- Pictures with short captions -
═══

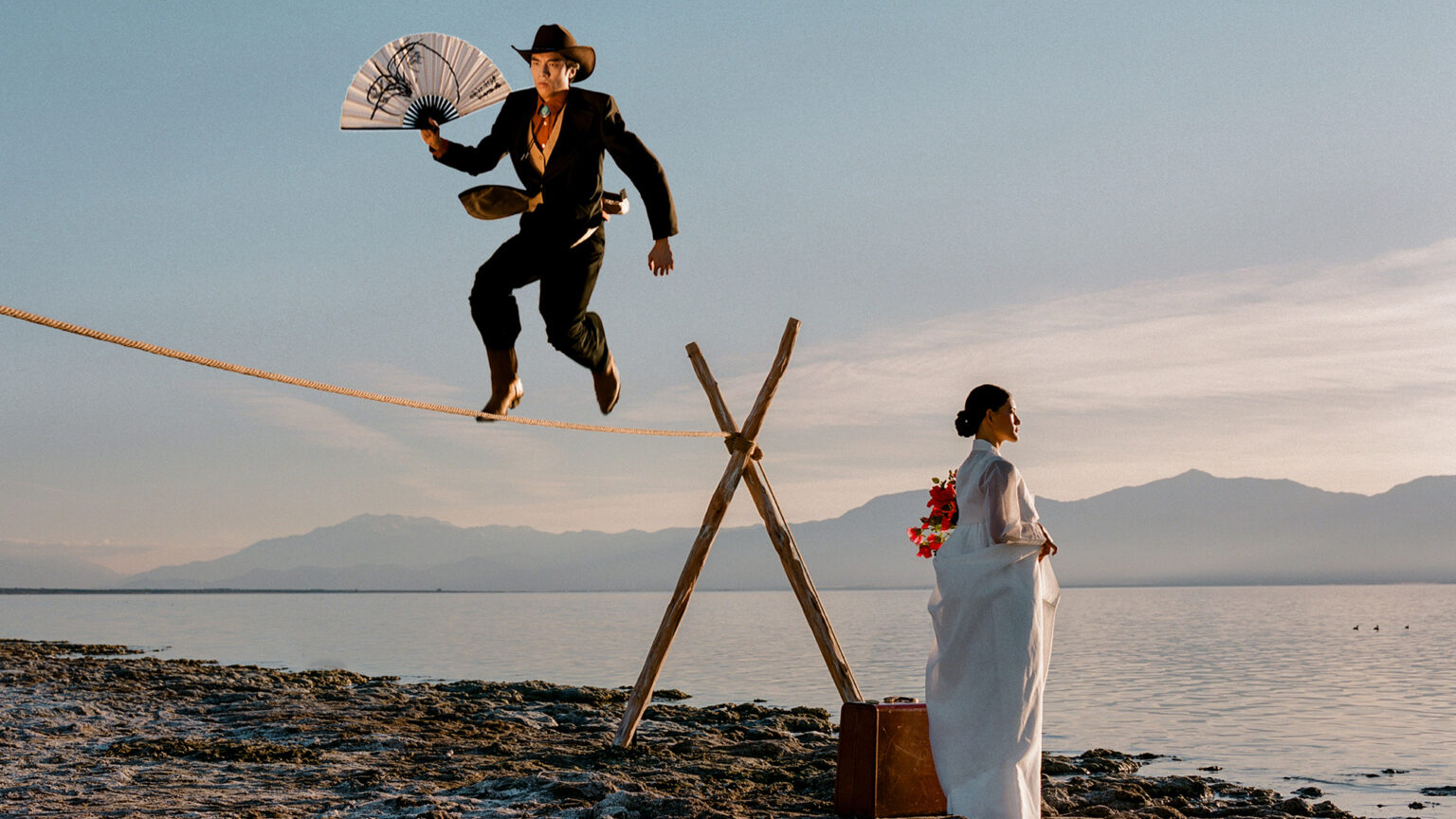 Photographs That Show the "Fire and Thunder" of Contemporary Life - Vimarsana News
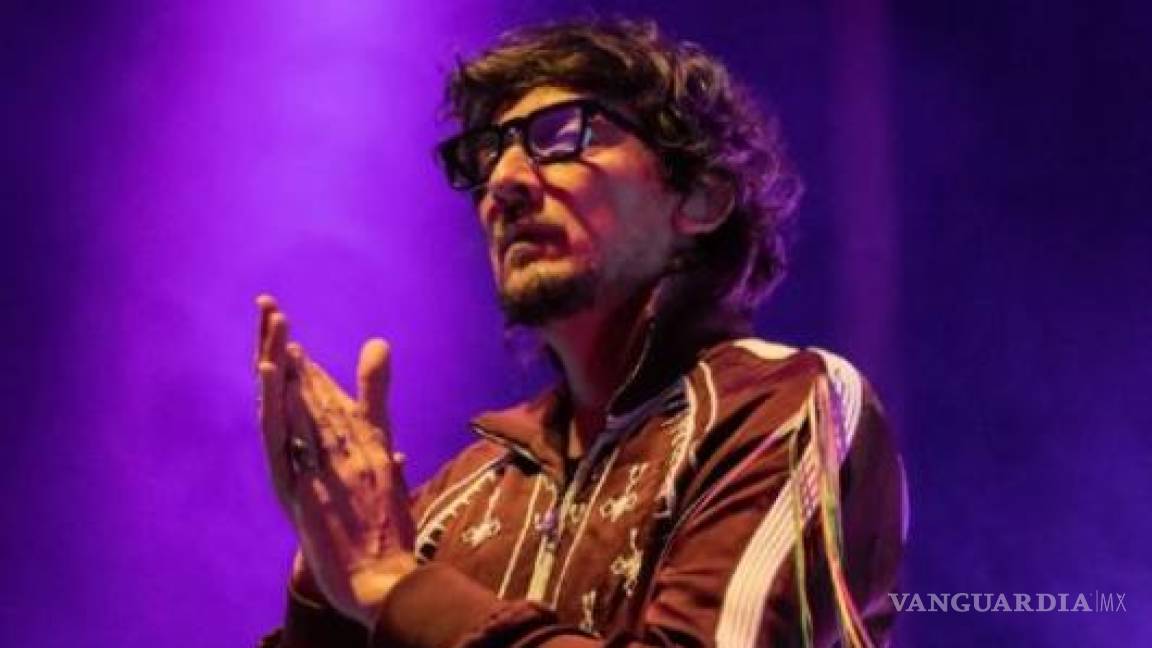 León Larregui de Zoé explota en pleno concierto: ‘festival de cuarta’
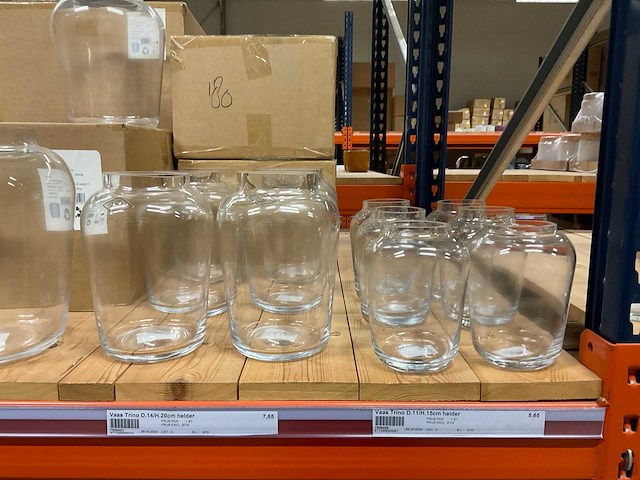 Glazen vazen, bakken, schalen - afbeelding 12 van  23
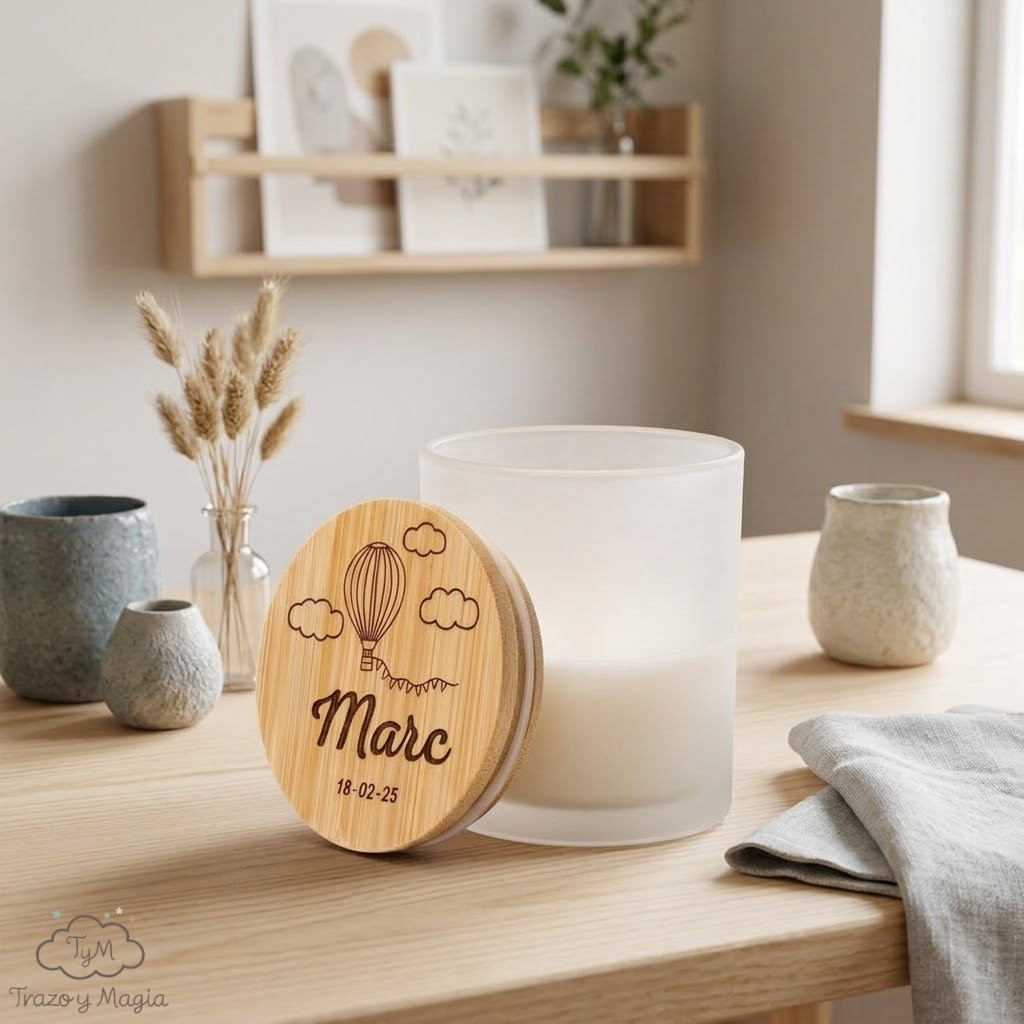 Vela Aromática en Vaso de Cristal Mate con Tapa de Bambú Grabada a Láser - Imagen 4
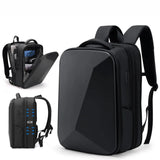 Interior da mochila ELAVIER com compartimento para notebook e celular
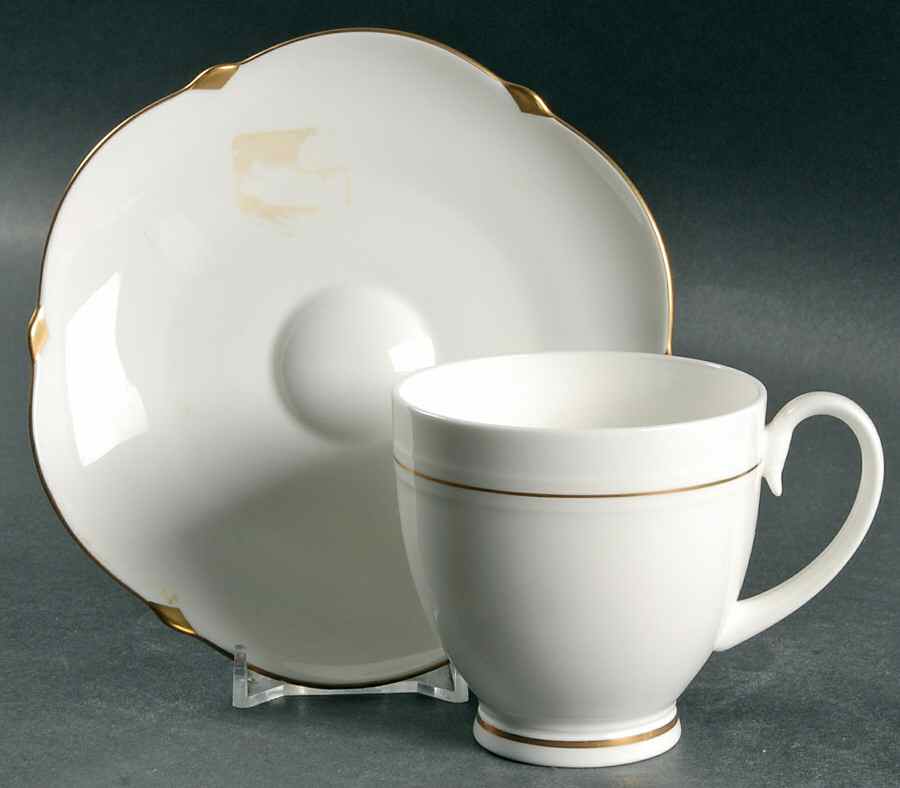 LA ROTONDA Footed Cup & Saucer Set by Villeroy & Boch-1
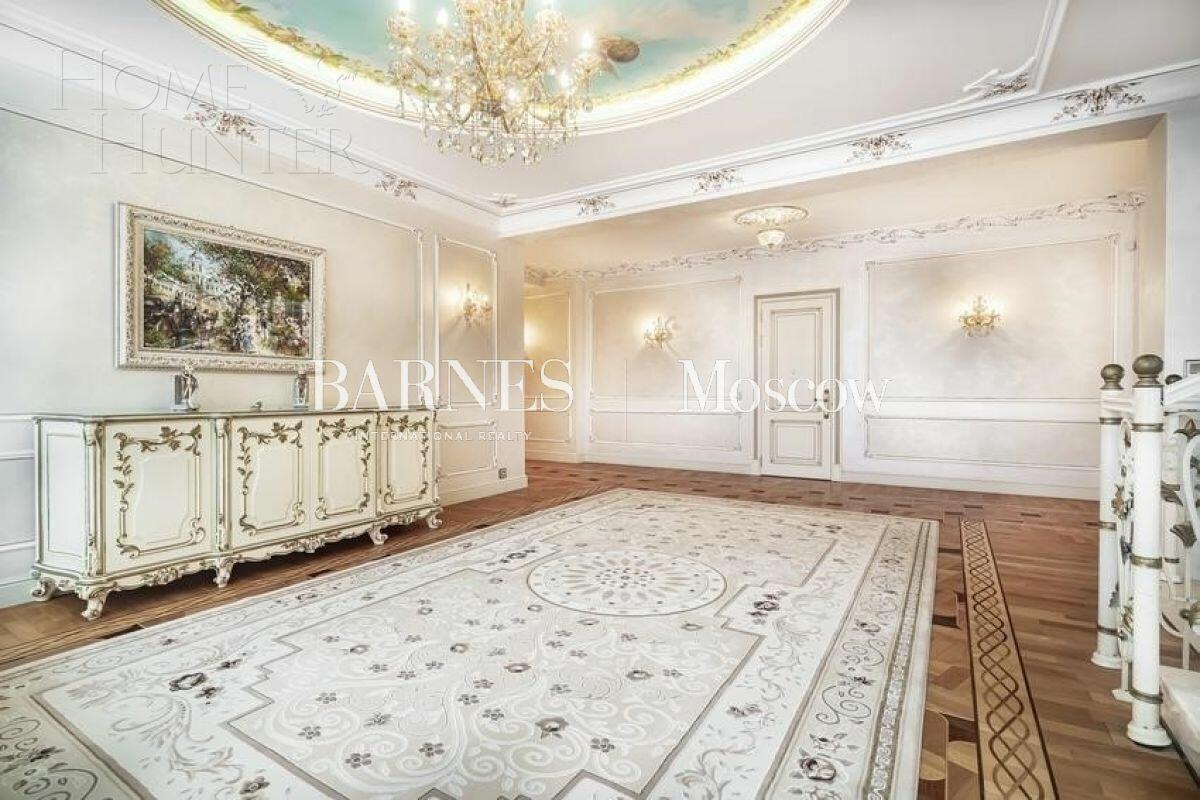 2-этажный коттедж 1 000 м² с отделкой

═══

- WHAT IS BEING ASKED -
From the records above, give again only the part that opens with the line containing "León Larregui de" and closes with the line containing "Interior da mochila". Keep both ends but drop the pictures.

- TASK SOLUTION -
 León Larregui de Zoé explota en pleno concierto: ‘festival de cuarta’
 Glazen vazen, bakken, schalen - afbeelding 12 van  23
 Vela Aromática en Vaso de Cristal Mate con Tapa de Bambú Grabada a Láser - Imagen 4
 Interior da mochila ELAVIER com compartimento para notebook e celular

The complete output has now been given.